While it might be a stretch to remain “optimistic” after the president’s announcement and Powell’s warning, it’s fair to say that, in and of itself, the postponement of stimulus isn’t a reason to be more pessimistic versus this morning. Consider:
On Sept 24, the SPX, after bottoming out just above the 100-day moving average (which today sits at 3239), rallied 4%, and today gave back only 1.4%. While there’s still a bit of a climb if the SPX were to take out the all-time high just under 3600, the market didn’t exactly shift to panic mode.
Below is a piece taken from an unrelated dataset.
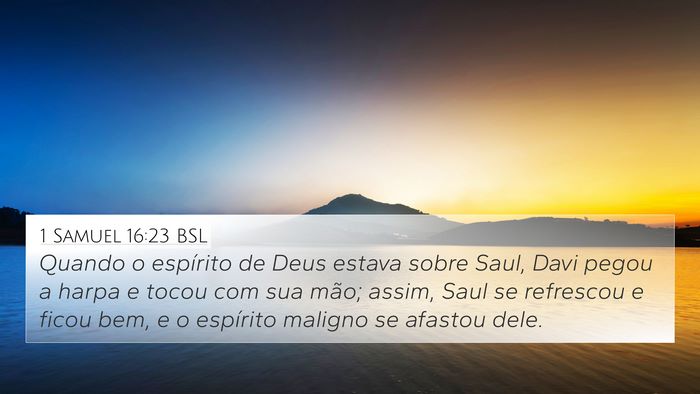 1 Samuel 16:23 BSL Bible Verse Image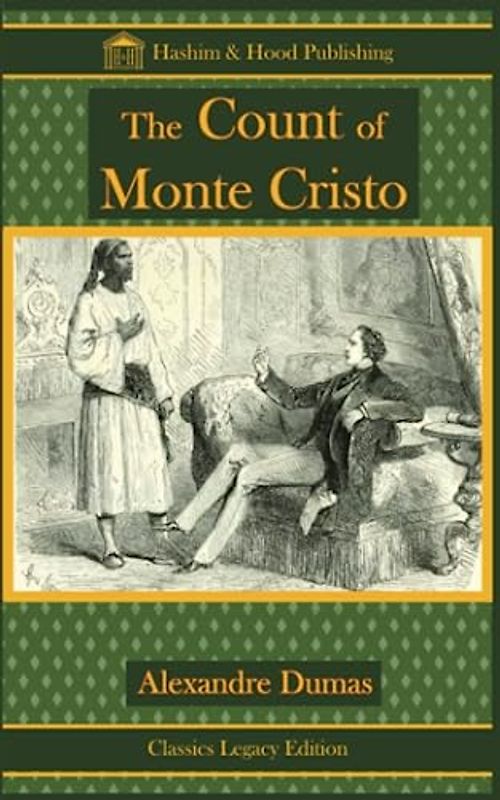 THE COUNT OF MONTE CRISTO: HASHIM & HOOD CLASSICS LEGACY EDITION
Crude oil has been on a nice run this week, rallying 6% yesterday alone, and today WTI crude rose above $40—and stayed there even after the news from the president (see chart below). Granted some of the rally has to do with the supply side—an oil strike in Norway and another hurricane threatening supplies in the Gulf of Mexico. However, if the stimulus news were a true demand shock, crude oil would likely have flipped back south of the $40 mark. That being said, the Energy sector did move from sector leader to laggard this afternoon.
One point to remember: Markets trade on fundamentals, and expectations of future changes to those fundamentals. That means corporate earnings, employment and consumer spending trends, the macroeconomic environment here and abroad, and sometimes, politics. Sure; in the short term, markets can be driven by momentum. And in the short term, with stimulus hopes dashed (for now anyway), this could mark a change in the momentum.
And if stimulus today would have helped some companies and individuals bridge the gap between now and the post-COVID future, this is a setback. But investors with a long-term focus should look beyond today’s headlines toward the markets of tomorrow.